Scenario: you measure a metric (say, average task completion time) and want to test whether the mean differs from a baseline $\mu_0$.

We’ll generate a small synthetic sample and test $H_0: \mu = \mu_0$.


In [None]:
# Synthetic data: mean slightly above baseline
mu0 = 10.0
n = 18
x = rng.normal(loc=10.8, scale=1.5, size=n)

res_1s = one_sample_t_test(x, mu0=mu0, alternative="two-sided", alpha=0.05)
res_1s


In [None]:
fig = plot_t_p_value(res_1s["t_stat"], res_1s["df"], title="One-sample t-test: p-value as tail area")
fig

In [None]:
mean = float(np.mean(x))
ci_low, ci_high = res_1s["ci"]

fig = px.histogram(
    x=x,
    nbins=12,
    title="Raw observations (with baseline and estimated mean)",
    labels={"x": "value"},
)
fig.add_vline(x=mu0, line_dash="dash", line_color="black", annotation_text="μ₀")
fig.add_vline(x=mean, line_dash="solid", line_color="rgba(200,30,30,0.9)", annotation_text="x̄")

fig2 = go.Figure()
fig2.add_trace(
    go.Scatter(
        x=[res_1s["estimate"]],
        y=["mean − μ₀"],
        mode="markers",
        marker=dict(size=10),
        error_x=dict(
            type="data",
            symmetric=False,
            array=[ci_high - res_1s["estimate"]],
            arrayminus=[res_1s["estimate"] - ci_low],
        ),
    )
)
fig2.add_vline(x=0.0, line_dash="dash", line_color="black")
fig2.update_layout(
    title="Estimated mean difference with 95% CI",
    xaxis_title="difference",
    yaxis_title="",
)

fig.show()
fig2.show()


### Interpreting the one-sample result

- If `p_value <= α`, you **reject** $H_0$ at level $\alpha$.
- The CI tells you a **range of plausible mean differences** (mean − $\mu_0$).

A useful equivalence (two-sided tests):

> **Rejecting $H_0: \mu=\mu_0$ at level $\alpha$ is the same as the $(1-\alpha)$ CI for $\mu$ not containing $\mu_0$.**


## 8) Example: two-sample t-test (Welch vs pooled)

Two independent groups (A and B). We want to test:

$$
H_0: \mu_A - \mu_B = 0
$$

### Welch vs pooled-variance (Student) t-test

- **Welch** (recommended default): does **not** assume equal variances.
- **Pooled variance**: assumes the two populations have the **same variance**.

If you’re unsure, use **Welch**.


In [None]:
# Synthetic A/B data with different variances (Welch is appropriate)
n_a, n_b = 24, 20
A = rng.normal(loc=0.0, scale=1.0, size=n_a)
B = rng.normal(loc=0.55, scale=1.5, size=n_b)

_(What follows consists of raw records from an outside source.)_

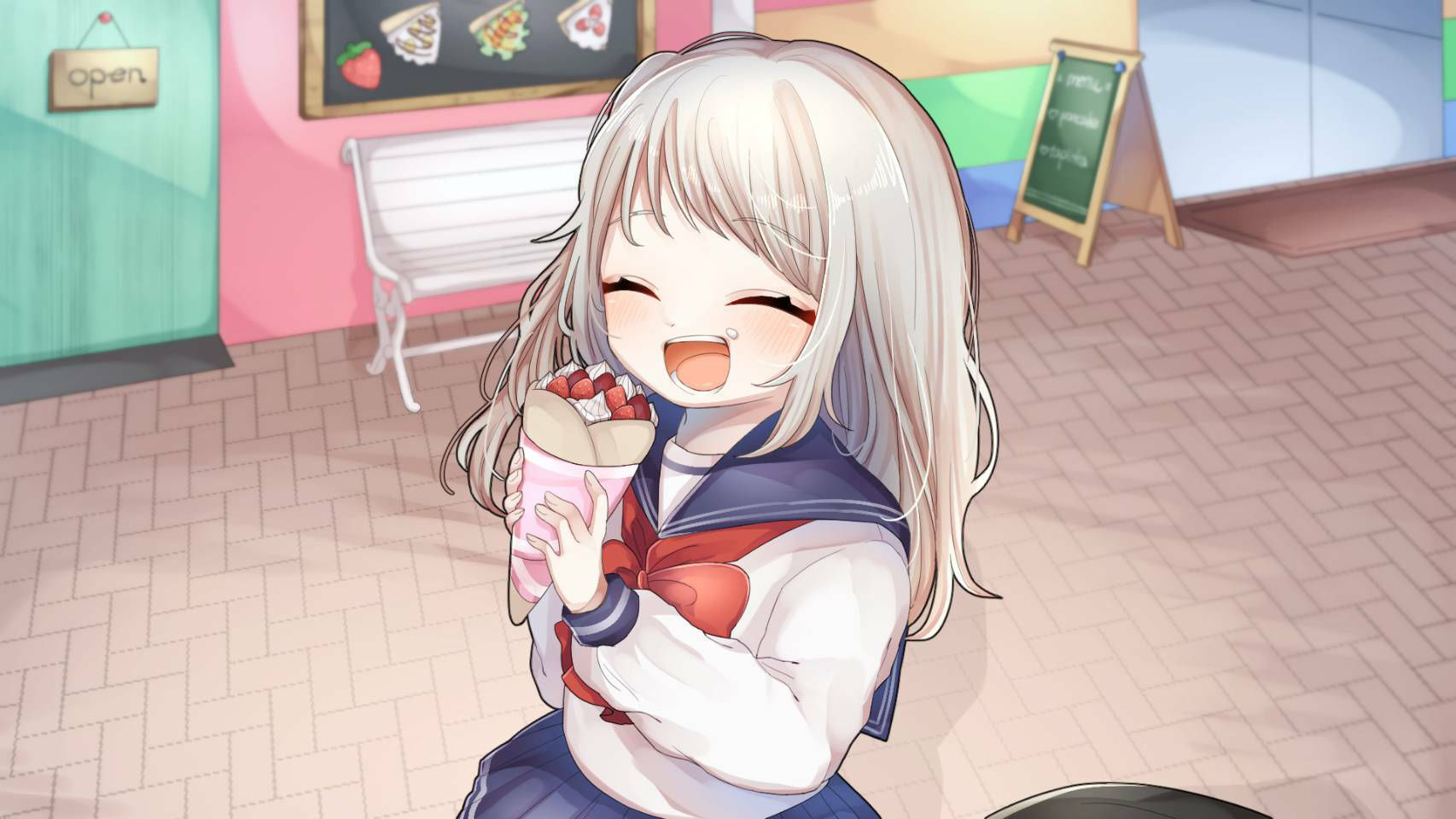 サンプル画像1:ただ君に記憶の鍵を――(ソムニウム果樹園) [d_223353]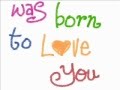 George Duke - Born To Love You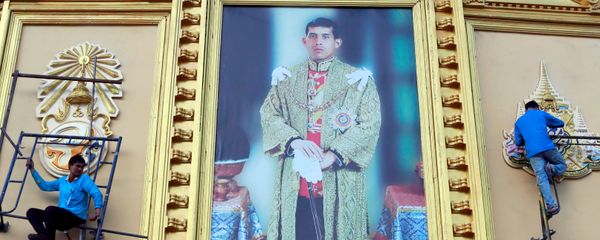 Nhà vua Thái Lan Maha Vajiralongkorn (Rama X) - Sputnik Việt Nam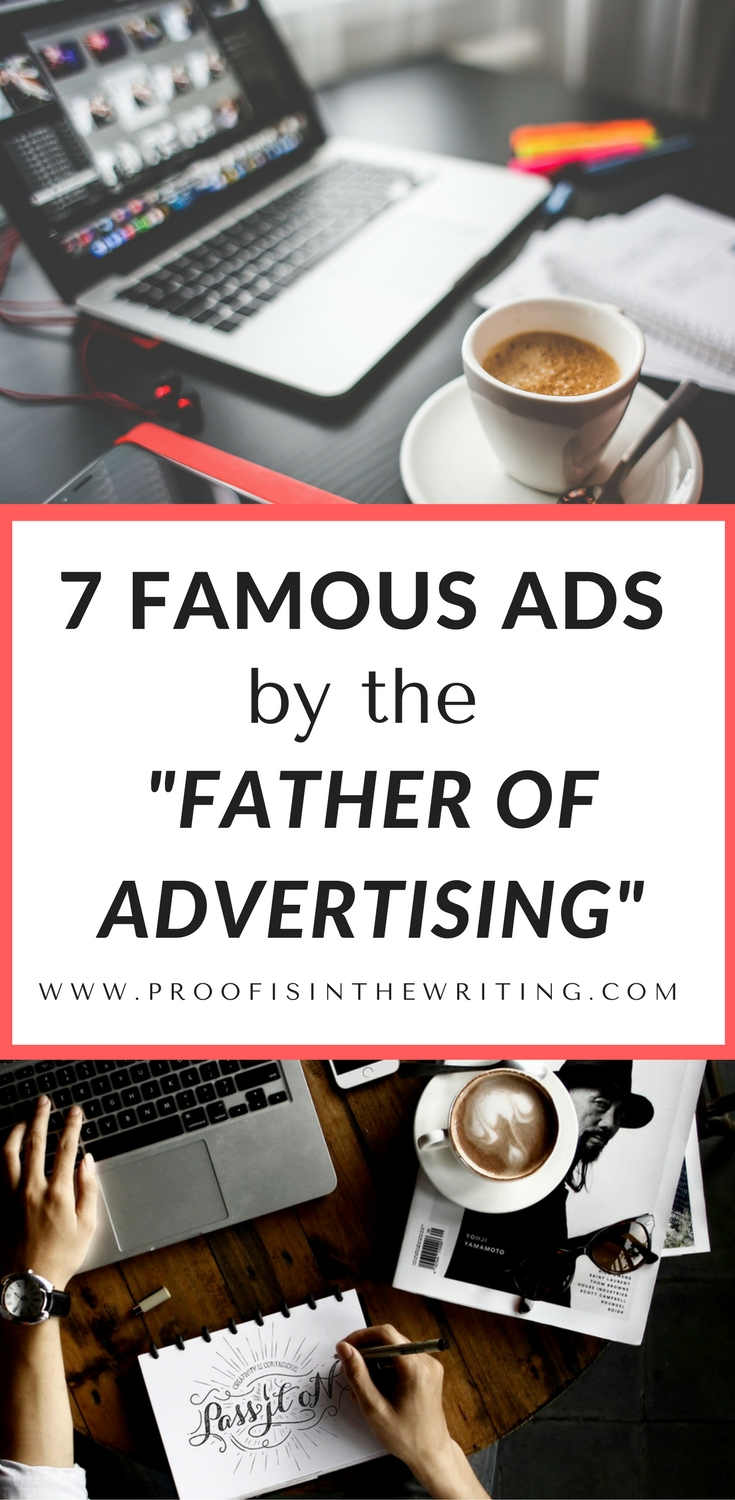 Click the image to see 7 of legendary David Ogilvy's best ads.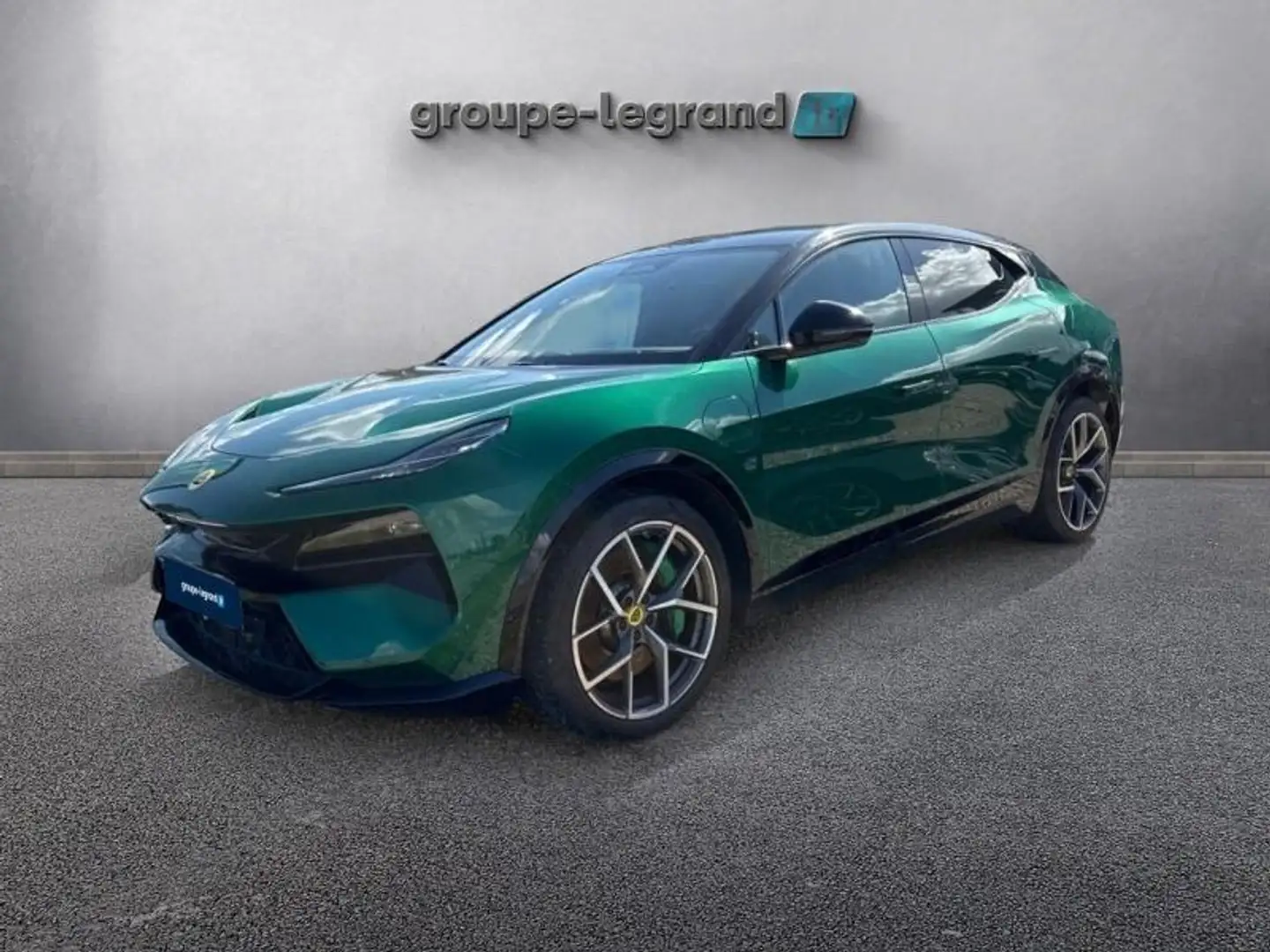 2024 Lotus Eletre, 16 776 km, Francúzsko — foto 1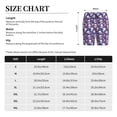 thumbnail image 3 of Cauagu Skull cartoon flower Print Pajama Bottoms for Men Sleep Pajama Shorts Elastic Waistband Sleep Pajama Short Men's PJ Shorts -X-Large, 3 of 6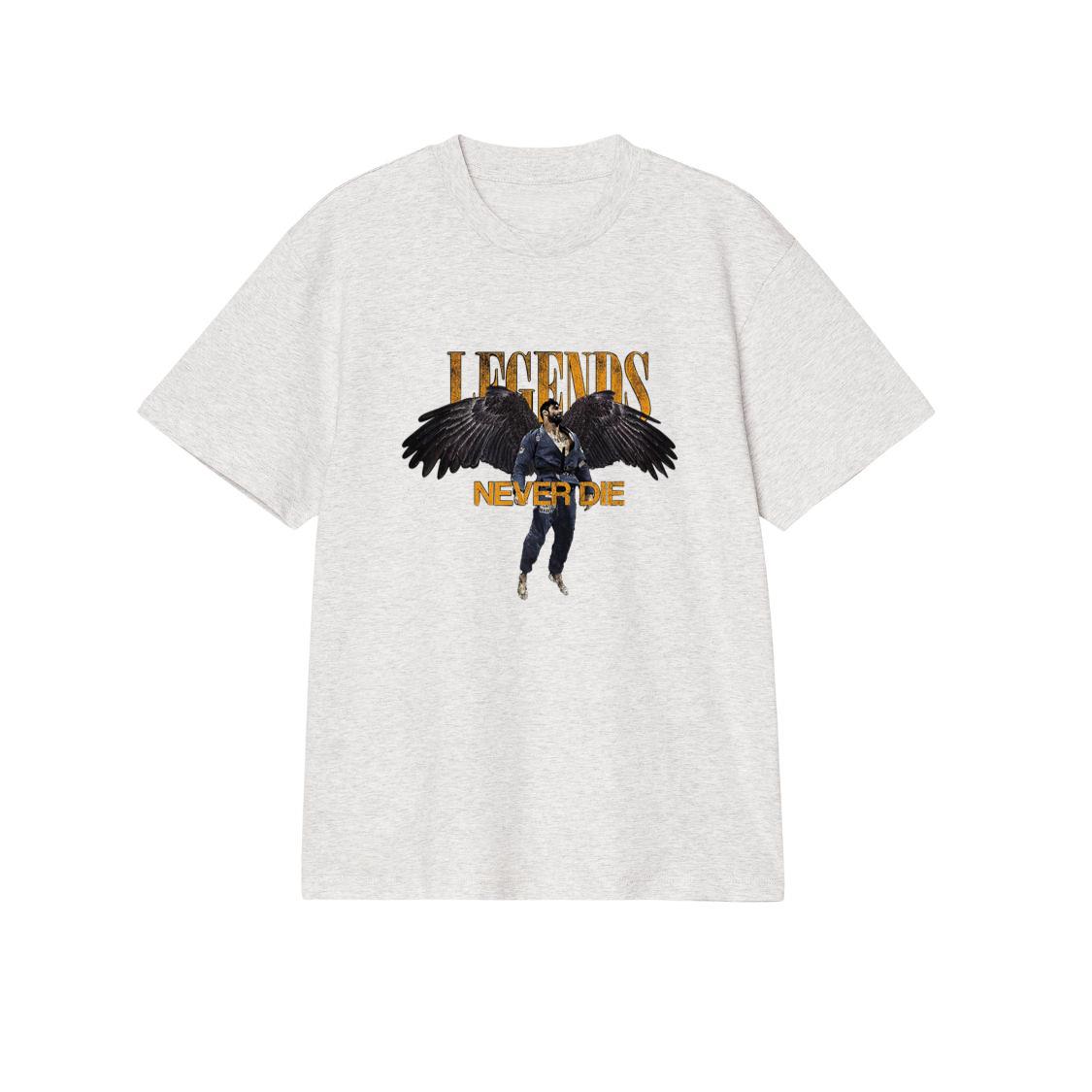 Brazilian Jiu Jitsu Tee Jiu Jitsu Legends Never Die BJJ Premium T-Shirt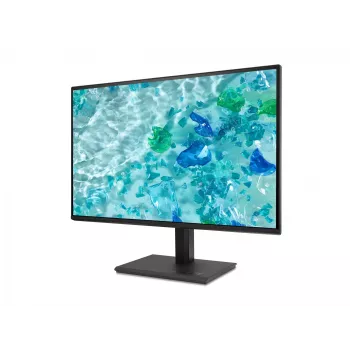 68,6cm/27 inch (2560x1440) Acer Vero B7 B277UGbemiqpruzx 16:9 IPS 4ms 120Hz HDMI(2.0) DisplayPort(1.2) USB-C(90W) Speaker Melns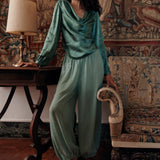 DOEN - YARIA PANT - - MALACHITE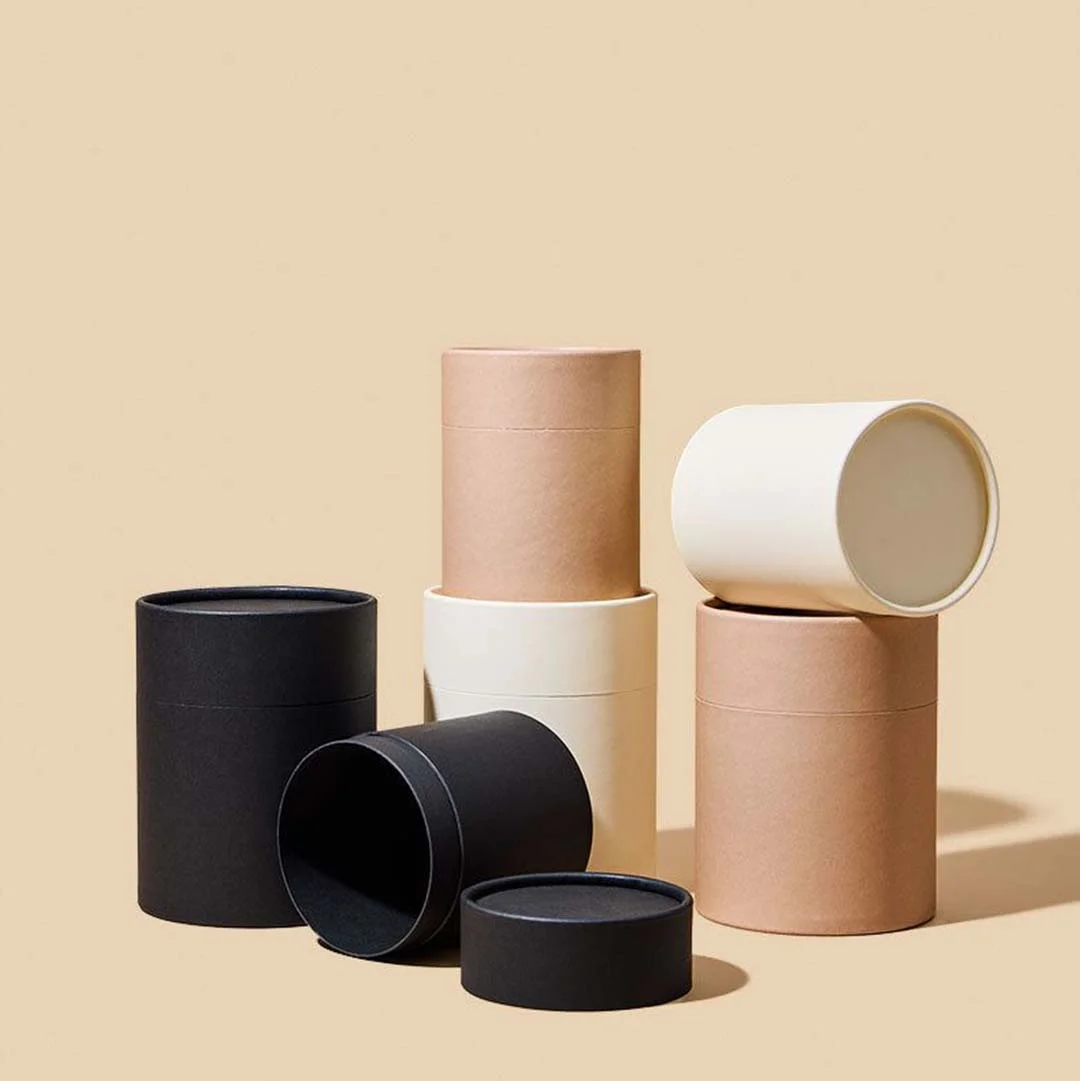 Custom Candle Tube Packaging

res_welch = two_sample_t_test(A, B, equal_var=False)
res_pooled = two_sample_t_test(A, B, equal_var=True)

res_welch, res_pooled


In [None]:
values = np.concatenate([A, B])
groups = np.array(["A"] * A.size + ["B"] * B.size)

fig = px.violin(
    x=groups,
    y=values,
    box=True,
    points="all",
    title="Two groups: distribution view (A vs B)",
    labels={"x": "group", "y": "value"},
)
fig.show()

ci_low, ci_high = res_welch["ci"]
fig2 = go.Figure()
fig2.add_trace(
    go.Scatter(
        x=[res_welch["estimate"]],
        y=["A − B"],
        mode="markers",
        marker=dict(size=10),
        error_x=dict(
            type="data",
            symmetric=False,
            array=[ci_high - res_welch["estimate"]],
            arrayminus=[res_welch["estimate"] - ci_low],
        ),
    )
)
fig2.add_vline(x=0.0, line_dash="dash", line_color="black")
fig2.update_layout(
    title="Estimated mean difference (Welch) with 95% CI",
    xaxis_title="difference",
    yaxis_title="",
)
fig2.show()


In [None]:
fig = plot_t_p_value(res_welch["t_stat"], res_welch["df"], title="Welch t-test: p-value as tail area")
fig

## 9) Example: paired t-test

Paired data means each “before” is linked to an “after” for the same unit (person, device, country, …).

The trick: compute the **difference per pair** and run a one-sample t-test on those differences.

$$
d_i = \text{after}_i - \text{before}_i
$$

Then test $H_0: \mu_d = 0$.


In [None]:
# Synthetic paired data: the same units measured twice
n = 18
before = rng.normal(loc=50, scale=8, size=n)
# after is correlated with before + an average improvement
after = before + rng.normal(loc=2.0, scale=3.0, size=n)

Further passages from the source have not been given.